* It is well known that measurement error causes attenuation bias in regression analysis estimators.
* This fact appeared in the literature as early at Spearman (1904).
* Attenuation bias also known as regression dilution is the phenomenon where coefficient estimates are biased towards zero.
* We can understand this phenomona very intuitively by thinking about what measurement error means.
* It means we do not have a very good measure of what something is.
* Imagine we measure people's weight and height just by watching that person walk by.
* We will assume we know the average weight of people and we make sure our average guess is that weight.
* However, unless we are trained our guess will probably miss the mark at a large frequency.
* Thus, if we want to use our guesses of weight and height as predictors of that person's athletic ability then our estimates will suffer from potentially two problems as a result of our measurement method.
* There is the one previously mentioned, attenuation bias caused from our measures not being exact.
* How, are we going to identify the effect of 5 more pounds or 3 extra inches on athletic performance if we are incapable of accurately gaging the difference between 5 pounds or 3 inches?
* The second potential source of problems is that our errors in measurement might be correlated with our unconsious assessment of the subject's athletic ability.
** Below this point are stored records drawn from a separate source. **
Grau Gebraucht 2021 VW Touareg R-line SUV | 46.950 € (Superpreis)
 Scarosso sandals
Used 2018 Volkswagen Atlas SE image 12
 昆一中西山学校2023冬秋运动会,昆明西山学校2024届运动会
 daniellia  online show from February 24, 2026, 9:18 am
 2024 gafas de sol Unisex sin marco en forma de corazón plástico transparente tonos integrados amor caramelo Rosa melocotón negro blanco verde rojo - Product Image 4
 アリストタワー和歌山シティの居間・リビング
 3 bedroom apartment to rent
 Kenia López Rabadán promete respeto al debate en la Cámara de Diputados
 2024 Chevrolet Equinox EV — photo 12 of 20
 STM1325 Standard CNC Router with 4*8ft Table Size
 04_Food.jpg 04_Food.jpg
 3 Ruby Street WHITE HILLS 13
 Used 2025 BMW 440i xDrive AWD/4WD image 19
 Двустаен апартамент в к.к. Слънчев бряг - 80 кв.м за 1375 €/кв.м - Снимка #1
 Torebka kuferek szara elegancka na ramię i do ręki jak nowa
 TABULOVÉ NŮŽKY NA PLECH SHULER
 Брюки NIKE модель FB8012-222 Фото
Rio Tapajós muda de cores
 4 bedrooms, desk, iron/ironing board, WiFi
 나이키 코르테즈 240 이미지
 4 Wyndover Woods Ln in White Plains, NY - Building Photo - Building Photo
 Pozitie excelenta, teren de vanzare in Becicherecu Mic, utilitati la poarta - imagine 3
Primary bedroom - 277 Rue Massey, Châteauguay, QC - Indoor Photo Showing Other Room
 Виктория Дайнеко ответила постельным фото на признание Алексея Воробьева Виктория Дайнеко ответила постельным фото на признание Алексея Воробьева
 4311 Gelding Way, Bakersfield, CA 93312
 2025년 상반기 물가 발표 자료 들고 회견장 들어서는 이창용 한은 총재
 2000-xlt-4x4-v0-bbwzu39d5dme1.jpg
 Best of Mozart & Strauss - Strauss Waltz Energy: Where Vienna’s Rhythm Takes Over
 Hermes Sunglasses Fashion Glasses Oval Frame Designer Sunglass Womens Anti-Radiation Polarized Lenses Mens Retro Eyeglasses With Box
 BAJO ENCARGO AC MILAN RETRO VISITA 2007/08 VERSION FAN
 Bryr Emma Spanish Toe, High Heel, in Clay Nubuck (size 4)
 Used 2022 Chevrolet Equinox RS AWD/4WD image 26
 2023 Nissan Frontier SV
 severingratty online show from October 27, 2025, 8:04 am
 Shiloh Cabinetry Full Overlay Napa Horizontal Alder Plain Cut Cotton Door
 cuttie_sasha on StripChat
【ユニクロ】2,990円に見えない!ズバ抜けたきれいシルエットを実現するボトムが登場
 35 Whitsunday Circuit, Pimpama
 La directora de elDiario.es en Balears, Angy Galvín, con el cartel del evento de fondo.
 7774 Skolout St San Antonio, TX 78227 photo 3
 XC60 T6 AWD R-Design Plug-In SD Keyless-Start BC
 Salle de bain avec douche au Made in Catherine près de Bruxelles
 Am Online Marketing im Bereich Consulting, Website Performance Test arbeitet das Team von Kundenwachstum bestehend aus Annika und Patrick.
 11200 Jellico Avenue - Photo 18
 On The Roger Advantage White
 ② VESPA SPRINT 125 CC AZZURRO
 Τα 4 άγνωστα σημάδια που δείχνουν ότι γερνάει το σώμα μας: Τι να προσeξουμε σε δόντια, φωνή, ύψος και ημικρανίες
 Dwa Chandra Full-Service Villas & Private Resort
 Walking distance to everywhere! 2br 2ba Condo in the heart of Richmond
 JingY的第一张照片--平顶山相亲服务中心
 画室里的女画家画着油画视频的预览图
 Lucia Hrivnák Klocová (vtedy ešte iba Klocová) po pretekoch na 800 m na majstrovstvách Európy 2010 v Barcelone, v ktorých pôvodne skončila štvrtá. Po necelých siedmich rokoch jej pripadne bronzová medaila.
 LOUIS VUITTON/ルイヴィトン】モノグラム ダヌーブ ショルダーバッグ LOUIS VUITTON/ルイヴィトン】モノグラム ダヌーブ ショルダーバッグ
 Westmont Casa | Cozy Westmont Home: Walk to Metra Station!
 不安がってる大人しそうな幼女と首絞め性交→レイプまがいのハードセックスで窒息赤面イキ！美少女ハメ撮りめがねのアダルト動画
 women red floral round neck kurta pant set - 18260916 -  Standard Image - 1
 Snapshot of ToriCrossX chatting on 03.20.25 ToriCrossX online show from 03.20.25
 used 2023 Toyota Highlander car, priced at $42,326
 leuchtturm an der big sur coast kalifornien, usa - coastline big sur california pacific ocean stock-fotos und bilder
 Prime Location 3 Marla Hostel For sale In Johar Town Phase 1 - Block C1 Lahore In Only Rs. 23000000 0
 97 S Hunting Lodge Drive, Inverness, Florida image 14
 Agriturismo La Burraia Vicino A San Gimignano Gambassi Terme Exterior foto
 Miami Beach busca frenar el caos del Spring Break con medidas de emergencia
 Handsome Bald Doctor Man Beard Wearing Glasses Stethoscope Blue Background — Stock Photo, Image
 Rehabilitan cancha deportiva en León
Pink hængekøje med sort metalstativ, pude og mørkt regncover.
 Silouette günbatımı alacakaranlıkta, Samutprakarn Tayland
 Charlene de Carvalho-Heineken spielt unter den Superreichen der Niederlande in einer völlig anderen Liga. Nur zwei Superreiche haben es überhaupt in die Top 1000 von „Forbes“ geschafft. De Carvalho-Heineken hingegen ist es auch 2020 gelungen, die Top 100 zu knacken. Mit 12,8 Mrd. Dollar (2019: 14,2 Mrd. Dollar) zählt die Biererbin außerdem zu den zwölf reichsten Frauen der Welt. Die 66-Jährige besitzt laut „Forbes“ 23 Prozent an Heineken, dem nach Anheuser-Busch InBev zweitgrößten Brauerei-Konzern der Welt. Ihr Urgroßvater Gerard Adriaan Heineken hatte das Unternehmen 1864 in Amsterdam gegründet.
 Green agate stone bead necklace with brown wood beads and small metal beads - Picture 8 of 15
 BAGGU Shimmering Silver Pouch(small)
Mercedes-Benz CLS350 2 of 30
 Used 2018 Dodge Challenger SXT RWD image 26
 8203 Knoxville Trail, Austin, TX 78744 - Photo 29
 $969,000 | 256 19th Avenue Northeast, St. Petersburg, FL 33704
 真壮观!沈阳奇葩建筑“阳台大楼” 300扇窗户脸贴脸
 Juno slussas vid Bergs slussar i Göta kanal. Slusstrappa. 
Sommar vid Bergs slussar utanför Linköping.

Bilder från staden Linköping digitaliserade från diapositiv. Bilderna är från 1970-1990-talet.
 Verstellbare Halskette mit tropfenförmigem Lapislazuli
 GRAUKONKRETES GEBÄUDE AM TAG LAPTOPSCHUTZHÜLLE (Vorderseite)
* That is, perhaps subjects that appear more athletic, we will guess as being taller or weighing less.
* This second issue is much more problematic than attentuation bias.
* It will cause a correlation between our errors and our explanatory variables which causes bias of an unknown form.
* In order to understand why attenuation bias exists remember Beta=cov(x,Y)/var(x) and that the OLS coefficient of BetaHat = cov(X,Y)/var(X).
* Where the observable X = x + v.
* If we assume the error term v is uncorrelated with the outcome variable Y then cov(X,Y)=cov(x,Y)
* However, the var(X) = var(x)+var(v)
* Thus: BetaHat = cov(X,Y)/var(X) = cov(X,Y)/(var(x)+var(v)) = cov(x,Y)/(var(x)+var(v))
* Therefore: |BetaHat| < |Beta| when var(v)>0
* Let's see this in action!
set seed 101
set obs 100000
gen measurement_error = 20*rnormal()
gen weight_observed = true_weight+measurement_error
gen u = rnormal()* 5
corr true_weight weight_observed
* We can see even with measurement error, our estimate of weight is 82% correlated with the true weight.
gen athletic_performance = 10 - .05*true_weight + u
* We expect our estimate of weight to be biased by a factor of alpha where alpha is defined as:
* alpha*|beta| = |BetaHat|
* alpha*|-.05| =|cov(x,Y)/(var(x)+var(v))|=
qui corr true_weight athletic_performance, cov
di r(cov_12)/(30^2 + 20^2)
* = -.03469636
* Thus alpha = 70%
reg athletic_performance weight_observed
di .05 * .7
* Thus we can see the nature of our bias is very predictable under the assumption that the measurement error is uncorrelated with our outcome variable.